You are of course correct as to the division in layers etc, as per the OSI
model.

However, if something bothers you in one layer (spam email) you can dig in
the underlying layers (maybe not through SMTP, but do we limit ourselves to
SMTP?) to find out where the offending packets came from. You still have to
figure out what to do about it, however at the moment there is much IP
spoofing etc.

If a spam email source was traced to a single computer, then blacklisting
that computer will force the spammer to at least change the network card,
maybe more if the NIC is on the motherboard. The added time / money expended
by spammers might tip the balance into the unprofitable range.

in IPv6 there is a hardware component to the way the IP address is
constructed, also the plan is to allocate the non-hardware ranges by
geographical region. This might also help if you then set your email client
/ server spam filter to only accept mail from your chosen countries, leaving
out the wilder regions of the globe.

Regards

Teo

----- Original Message -----
From: <william(_at_)elan(_dot_)net>
To: "Teo" <vteodorescu(_at_)btinternet(_dot_)com>
Cc: <asrg(_at_)ietf(_dot_)org>
Sent: Thursday, March 27, 2003 6:11 AM
Subject: Re: [Asrg] 4b Survey of solutions and place in taxonomy of
solutions


You're wrong here. While ipv6 provides delivery path tracking capabilities
(which may or may not be supported by in-between routers) for ip
packets, this is different communication layer and only helps in tracking
where ip came from and what routers it traversed, this has nothing to do
with SMTP where each mail in itself can be thought of as packet
traversing serious of nodes and for email path tracking is basicly the
received headers.
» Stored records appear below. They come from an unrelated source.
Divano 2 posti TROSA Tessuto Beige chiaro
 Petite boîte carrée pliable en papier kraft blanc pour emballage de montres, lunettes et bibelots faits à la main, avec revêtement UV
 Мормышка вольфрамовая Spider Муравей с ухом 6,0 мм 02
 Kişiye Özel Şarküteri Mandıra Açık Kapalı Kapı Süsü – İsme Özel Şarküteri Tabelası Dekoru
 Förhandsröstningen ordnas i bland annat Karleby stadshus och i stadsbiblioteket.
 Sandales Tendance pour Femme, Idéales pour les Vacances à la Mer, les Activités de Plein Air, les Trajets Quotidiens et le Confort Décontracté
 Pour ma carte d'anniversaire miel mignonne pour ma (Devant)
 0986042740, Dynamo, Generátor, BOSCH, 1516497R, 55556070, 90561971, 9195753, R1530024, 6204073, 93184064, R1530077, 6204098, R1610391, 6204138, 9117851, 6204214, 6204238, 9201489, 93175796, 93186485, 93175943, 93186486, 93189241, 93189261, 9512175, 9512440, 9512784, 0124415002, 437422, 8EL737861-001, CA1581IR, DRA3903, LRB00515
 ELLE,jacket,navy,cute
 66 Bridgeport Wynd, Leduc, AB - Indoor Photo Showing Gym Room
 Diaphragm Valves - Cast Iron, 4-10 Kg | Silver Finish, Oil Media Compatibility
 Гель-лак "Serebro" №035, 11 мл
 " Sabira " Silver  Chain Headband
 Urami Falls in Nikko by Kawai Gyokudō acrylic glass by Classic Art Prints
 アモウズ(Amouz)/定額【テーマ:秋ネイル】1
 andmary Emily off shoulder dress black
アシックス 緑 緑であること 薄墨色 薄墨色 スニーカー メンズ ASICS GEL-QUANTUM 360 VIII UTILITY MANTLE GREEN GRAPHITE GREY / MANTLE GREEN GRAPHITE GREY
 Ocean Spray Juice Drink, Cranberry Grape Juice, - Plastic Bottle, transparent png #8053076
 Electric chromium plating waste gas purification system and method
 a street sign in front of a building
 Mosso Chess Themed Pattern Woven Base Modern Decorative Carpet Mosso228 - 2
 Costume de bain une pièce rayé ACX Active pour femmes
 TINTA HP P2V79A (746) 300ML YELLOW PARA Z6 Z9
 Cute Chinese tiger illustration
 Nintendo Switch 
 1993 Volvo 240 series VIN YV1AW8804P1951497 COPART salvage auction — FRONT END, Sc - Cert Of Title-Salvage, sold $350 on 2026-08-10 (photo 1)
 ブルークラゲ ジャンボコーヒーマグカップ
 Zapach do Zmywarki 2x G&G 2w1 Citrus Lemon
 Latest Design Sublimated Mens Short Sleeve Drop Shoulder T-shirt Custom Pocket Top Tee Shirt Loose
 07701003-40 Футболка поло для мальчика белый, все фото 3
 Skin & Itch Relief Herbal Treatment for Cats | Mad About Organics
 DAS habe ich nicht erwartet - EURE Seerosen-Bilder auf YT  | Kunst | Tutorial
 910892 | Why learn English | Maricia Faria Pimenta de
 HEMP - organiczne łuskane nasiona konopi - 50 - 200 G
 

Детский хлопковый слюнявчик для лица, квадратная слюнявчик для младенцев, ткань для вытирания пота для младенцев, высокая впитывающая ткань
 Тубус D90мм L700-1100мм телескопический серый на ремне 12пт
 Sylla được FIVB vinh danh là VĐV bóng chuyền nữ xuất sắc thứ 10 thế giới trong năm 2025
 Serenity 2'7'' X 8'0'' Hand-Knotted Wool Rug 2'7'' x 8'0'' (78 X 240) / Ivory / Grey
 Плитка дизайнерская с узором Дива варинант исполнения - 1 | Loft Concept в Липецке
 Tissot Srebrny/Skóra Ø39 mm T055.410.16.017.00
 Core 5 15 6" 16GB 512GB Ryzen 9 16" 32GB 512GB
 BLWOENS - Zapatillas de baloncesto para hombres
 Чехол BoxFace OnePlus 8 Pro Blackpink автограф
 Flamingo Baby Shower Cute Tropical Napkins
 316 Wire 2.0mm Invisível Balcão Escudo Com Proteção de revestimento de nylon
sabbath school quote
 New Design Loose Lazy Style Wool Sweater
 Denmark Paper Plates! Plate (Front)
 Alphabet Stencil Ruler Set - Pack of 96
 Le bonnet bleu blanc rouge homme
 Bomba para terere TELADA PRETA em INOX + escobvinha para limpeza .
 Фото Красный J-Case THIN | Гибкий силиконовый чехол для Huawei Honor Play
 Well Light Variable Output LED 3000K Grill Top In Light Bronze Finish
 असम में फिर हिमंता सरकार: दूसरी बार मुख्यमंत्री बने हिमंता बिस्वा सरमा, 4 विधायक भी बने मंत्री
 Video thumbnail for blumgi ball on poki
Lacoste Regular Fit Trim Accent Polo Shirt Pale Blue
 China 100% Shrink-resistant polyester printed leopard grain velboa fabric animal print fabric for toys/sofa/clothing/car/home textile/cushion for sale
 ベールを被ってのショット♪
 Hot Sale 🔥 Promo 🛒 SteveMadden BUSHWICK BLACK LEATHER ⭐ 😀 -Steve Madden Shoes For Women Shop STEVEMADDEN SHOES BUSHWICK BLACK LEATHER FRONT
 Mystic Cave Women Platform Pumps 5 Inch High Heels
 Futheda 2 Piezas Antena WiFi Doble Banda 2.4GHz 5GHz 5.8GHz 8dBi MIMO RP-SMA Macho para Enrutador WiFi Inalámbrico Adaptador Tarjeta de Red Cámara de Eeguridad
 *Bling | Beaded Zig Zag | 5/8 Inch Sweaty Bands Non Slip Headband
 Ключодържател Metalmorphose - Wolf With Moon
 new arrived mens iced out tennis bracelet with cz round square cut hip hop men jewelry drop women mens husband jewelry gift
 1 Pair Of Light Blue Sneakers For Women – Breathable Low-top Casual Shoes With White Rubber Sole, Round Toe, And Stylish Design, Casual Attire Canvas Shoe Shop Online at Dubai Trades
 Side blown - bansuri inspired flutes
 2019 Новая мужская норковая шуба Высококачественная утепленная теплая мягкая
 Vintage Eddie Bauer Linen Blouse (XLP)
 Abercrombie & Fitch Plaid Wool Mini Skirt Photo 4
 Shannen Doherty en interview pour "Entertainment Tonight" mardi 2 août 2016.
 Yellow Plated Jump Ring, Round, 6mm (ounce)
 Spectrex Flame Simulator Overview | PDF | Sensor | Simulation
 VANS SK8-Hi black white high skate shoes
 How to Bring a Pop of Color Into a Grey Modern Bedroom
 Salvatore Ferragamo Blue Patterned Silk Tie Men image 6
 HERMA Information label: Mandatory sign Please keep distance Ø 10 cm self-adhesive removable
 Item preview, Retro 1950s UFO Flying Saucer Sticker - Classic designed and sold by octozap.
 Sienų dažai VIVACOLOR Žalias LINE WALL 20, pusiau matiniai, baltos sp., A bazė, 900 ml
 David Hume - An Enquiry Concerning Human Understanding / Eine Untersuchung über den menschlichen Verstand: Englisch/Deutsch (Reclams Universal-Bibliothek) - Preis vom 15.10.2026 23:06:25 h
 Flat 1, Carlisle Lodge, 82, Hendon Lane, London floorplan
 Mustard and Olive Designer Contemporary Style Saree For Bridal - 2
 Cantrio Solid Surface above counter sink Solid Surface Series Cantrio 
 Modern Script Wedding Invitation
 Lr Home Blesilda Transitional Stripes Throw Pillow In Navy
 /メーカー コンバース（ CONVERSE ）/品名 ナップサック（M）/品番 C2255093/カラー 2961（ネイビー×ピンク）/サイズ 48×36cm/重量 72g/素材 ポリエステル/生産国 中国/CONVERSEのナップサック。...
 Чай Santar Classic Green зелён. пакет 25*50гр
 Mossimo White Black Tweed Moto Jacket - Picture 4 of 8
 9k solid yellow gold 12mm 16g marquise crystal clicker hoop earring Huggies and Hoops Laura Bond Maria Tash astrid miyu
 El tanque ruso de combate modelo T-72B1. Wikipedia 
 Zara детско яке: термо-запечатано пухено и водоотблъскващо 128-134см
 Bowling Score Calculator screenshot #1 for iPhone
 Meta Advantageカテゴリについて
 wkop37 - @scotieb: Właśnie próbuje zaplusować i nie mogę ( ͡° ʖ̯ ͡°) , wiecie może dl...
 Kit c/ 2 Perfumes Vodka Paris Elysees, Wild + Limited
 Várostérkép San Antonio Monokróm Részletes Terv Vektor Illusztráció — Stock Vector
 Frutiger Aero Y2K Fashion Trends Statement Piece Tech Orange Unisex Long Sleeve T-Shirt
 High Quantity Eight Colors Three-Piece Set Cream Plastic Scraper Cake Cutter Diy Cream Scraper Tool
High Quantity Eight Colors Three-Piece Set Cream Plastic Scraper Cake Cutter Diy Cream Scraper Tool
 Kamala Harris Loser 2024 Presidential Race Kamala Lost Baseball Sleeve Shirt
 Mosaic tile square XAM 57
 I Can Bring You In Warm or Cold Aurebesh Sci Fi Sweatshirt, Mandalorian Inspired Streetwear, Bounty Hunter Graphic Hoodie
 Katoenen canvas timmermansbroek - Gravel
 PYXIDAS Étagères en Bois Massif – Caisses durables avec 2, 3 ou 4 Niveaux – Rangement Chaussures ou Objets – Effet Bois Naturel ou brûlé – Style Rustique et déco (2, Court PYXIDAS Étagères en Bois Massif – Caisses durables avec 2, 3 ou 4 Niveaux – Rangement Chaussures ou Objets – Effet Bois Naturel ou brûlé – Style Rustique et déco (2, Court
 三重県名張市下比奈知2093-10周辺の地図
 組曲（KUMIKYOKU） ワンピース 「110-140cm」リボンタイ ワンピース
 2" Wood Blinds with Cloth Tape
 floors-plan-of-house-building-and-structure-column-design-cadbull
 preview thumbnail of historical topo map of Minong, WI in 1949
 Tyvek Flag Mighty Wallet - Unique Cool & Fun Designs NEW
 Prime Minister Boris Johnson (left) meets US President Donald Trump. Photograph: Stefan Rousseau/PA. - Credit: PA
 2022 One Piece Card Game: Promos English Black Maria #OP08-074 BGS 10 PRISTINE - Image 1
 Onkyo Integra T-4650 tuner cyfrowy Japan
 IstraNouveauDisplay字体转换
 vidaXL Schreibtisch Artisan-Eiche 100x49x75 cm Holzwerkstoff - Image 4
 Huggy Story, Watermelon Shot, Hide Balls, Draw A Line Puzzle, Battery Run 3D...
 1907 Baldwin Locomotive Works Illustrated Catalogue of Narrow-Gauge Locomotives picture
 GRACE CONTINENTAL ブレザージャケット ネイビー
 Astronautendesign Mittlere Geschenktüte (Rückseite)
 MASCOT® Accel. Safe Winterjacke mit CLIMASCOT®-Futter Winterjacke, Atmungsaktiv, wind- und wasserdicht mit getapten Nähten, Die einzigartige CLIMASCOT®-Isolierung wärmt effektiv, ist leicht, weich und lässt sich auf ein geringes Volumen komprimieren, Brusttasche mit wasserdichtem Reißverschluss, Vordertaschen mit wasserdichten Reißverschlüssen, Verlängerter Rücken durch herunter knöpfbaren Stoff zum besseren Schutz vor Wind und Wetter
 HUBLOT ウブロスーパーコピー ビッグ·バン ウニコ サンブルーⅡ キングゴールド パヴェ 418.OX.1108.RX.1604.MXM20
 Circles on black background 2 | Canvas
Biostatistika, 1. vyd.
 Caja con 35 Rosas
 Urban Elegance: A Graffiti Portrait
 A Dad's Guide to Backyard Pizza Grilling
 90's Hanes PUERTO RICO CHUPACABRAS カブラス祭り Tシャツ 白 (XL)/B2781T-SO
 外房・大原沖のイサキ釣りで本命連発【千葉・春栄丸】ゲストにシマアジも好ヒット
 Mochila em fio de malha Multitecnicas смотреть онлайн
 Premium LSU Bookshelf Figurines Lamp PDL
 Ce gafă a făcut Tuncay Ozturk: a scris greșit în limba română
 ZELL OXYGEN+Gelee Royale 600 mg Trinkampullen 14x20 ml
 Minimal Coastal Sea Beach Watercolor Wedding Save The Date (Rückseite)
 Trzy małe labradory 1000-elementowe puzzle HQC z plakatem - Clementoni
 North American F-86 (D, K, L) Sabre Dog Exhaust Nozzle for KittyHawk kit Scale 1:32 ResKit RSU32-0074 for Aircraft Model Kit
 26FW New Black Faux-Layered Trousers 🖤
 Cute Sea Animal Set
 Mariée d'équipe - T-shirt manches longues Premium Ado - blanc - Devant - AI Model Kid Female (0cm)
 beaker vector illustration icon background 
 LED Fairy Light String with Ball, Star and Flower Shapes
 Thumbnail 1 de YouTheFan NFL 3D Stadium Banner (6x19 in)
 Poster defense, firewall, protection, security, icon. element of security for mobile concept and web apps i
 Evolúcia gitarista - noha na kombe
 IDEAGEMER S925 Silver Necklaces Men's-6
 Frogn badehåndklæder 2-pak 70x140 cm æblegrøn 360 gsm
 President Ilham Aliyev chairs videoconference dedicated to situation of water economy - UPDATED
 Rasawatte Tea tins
I will not go into more details here, but if you want to
understand more, please read good book on networking or see:
http://glossary.its.bldrdoc.gov/fs-1037/dir-025/_3680.htm
http://www2.rad.com/networks/1997/nettut/protocols.html

IPv4 and IPv4 are network layer, while SMTP is application layer and one
does not help the other that much at least in our case.

On Wed, 26 Mar 2003, Teo wrote:

Taxonomy:

I think that if  IPv6 was operational it will fulfill the requirements
of

1. b) ii) Tracking and
2. b) iii) (2) How was it sent - delivery path info

I am not sure what the chances of IPv6 are of ever making it into the
real
net, however for completeness reasons we should include its as part of a
solution that will make the job of tracing spammers much easier. Also it
will make blacklisting / watching address blocks possible because of the
hierarchical nature of IPv6 address allocation. There might be something
in
the proposed 1to1 mapping between geographical areas and address blocks
allocation.

Spammers will not be able to hide anymore, or make the job of hiding
hardware intensive, therefore more costly, thus changing the business
model,
hopefully crossing the line into making it non profitable.